Hitchens has been called an ‘Assad apologist’ and a ‘denialist of war crime’ for his articles. Similarly, Haddad was accused by his former employer of pitching ‘a conspiracy theory rather than an idea for objective reporting’. ‘Anyone that opposes military aggression is very quickly smeared’, says Haddad.

Many of the smears come from third parties who deny or downplay the significance of the leaks. ‘It has been noticeable that the OPCW, which is the principal subject of the leaks and is where the sources to whom I have talked had been working, has at no stage denied anything that I have written’, Hitchens tells me. ‘They have sort of blustered vaguely about sticking to the original story. But they have not said these documents are false. They have not said that the people involved are lying.’

According to Hitchens, the lesson Western governments learnt after the debacle in Iraq was not to ‘stop making stupid wars in parts of the world where they did not know what they were doing’. Instead, governments ‘learned to defend themselves better from the attacks of the media’.

As the OPCW did little to defend itself at first, that role fell to Bellingcat, a website which specialises in ‘open source’ investigations. Belingcat’s work is often presented as ‘citizen journalism’, and is the subject of numerous puff pieces in the press. Among the funders of this ‘citizen’ journalism is the National Endowment for Democracy, a think tank which promotes Western military intervention and regime change, and which is, in its own words, ‘dependent on continued support for the White House’. This is not a disinterested party to the Douma affair.

Bellingcat accuses those who have published the leaks of misunderstanding the issue, even claiming that the redacted OPCW report incorporates the dissenting inspectors’ doubts, which it plainly does not. (Read Peter Hitchens’s full rebuttal here.) Bellingcat seems to have also devoted a large amount of resources, including a series of articles, videos and computer models, to questioning the leaks and discrediting the whistleblowers. All of it fails to address convincingly the question of a cover-up. Nevertheless, if Bellingcat’s intention was to ward journalists off the story, then it succeeded. We know from Tareq Haddad’s experience that his foreign-affairs editor at Newsweek cited one of Bellingcat’s ‘debunkings’ as a reason not to run the Douma story.

Although the OPCW cover-up didn’t much interest news editors, one story that caught their eye was the existence of a group of academics who had formed a working group on Syria, Propaganda and Media (SPM). The Times splashed this news on its front page. Inside, it devoted a double-page spread to attacking SPM members as apologists for Assad. By this stage the working group had yet to produce any actual work on the conflict. (Tara McCormack, one of the group’s members, has written about the experience for spiked.) Whatever the views of the individuals concerned on Syria, or anything else for that matter, The Times treatment acted as a warning shot to those who might challenge the government’s position on the alleged chemical attack. The SPM story provided the media with an opportunity for tubthumping denunciations of the alleged traitors and saboteurs in our midst.

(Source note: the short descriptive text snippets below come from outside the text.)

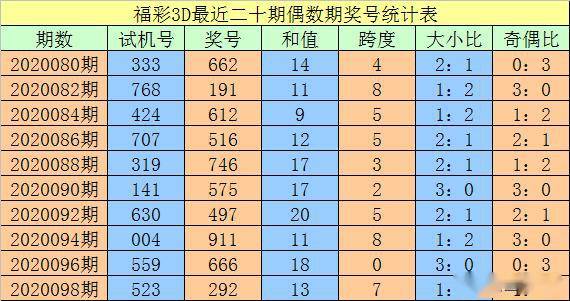 澳門一碼一碼100準確,精細化定義探討_Galaxy88.805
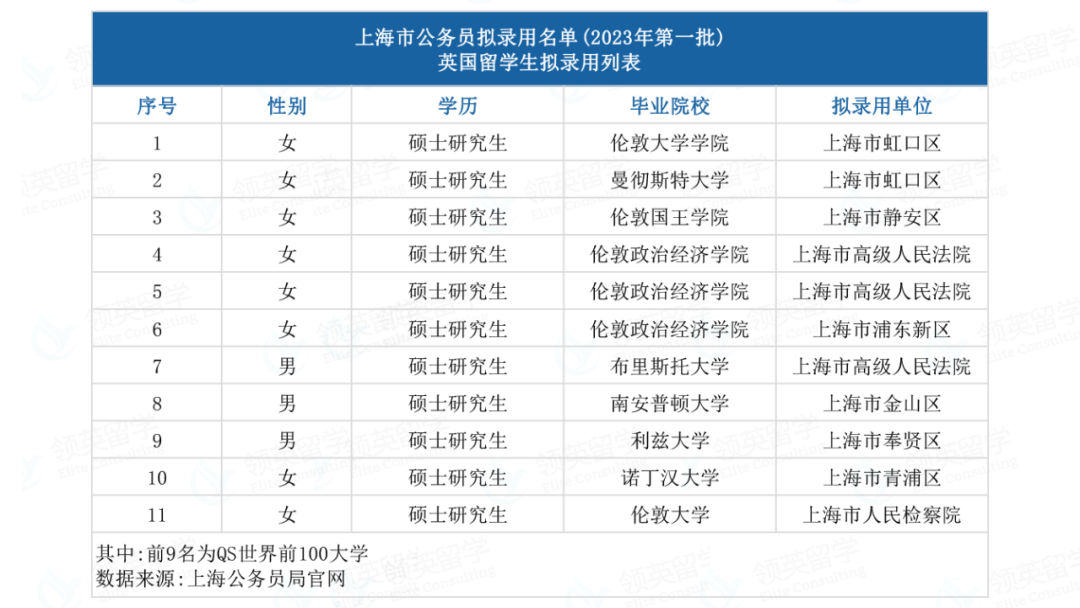 花几十万读一年硕，回来都在做什么工作？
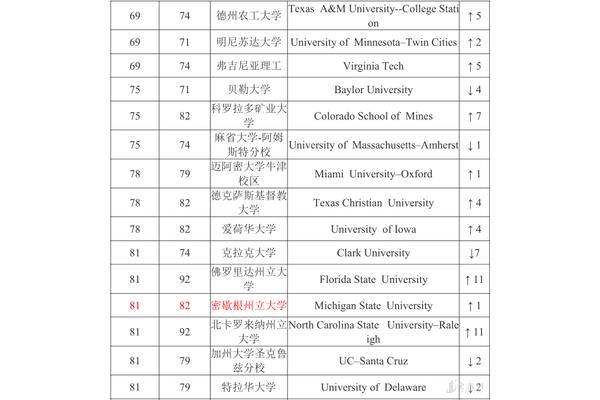 佛罗里达大学位列世界前100名大学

Propaganda and a failure of skepticism

Journalism during wartime has always been beset with problems. Sources can be murky and information is hard to verify. Propaganda and misinformation are rife. The Syrian conflict has been particularly vulnerable to this.

Back in 2011, a blogger, calling himself ‘A Gay Girl in Damascus’, who claimed to have been caught up in the revolution, managed to hoax several major media outlets, including the Guardian and CNN. When she was ‘abducted’ by the Syrian regime, thousands demanded her release. In the end, the ‘gay girl’ turned out to be Tom McMaster, a middle-aged man from Atlanta, Georgia. A frivolous – and ultimately harmless – example, but nevertheless it illustrates the willingness of many in the media to go along with certain sources, especially if they affirm a pre-existing narrative about the conflict.

Peter Hitchens warns that there are now all kinds of ‘open source’ bodies reporting on the Syrian conflict, which are taken as good coin by journalists. These are not hoaxers, of course, but they are often not the neutral observers their titles make them out to be. He gives the example of the Syrian Observatory for Human Rights. Its reports on the conflict are regularly referenced by the news media, and even by newswires like AP and AFP. ‘As far as I know it was run from a second-hand clothes shop in the English Midlands. But these things are treated with authority and you have to wonder how that happens’, says Hitchens. The Coventry-based ‘Syrian’ observatory has even taken funding from the UK Foreign Office for its media work.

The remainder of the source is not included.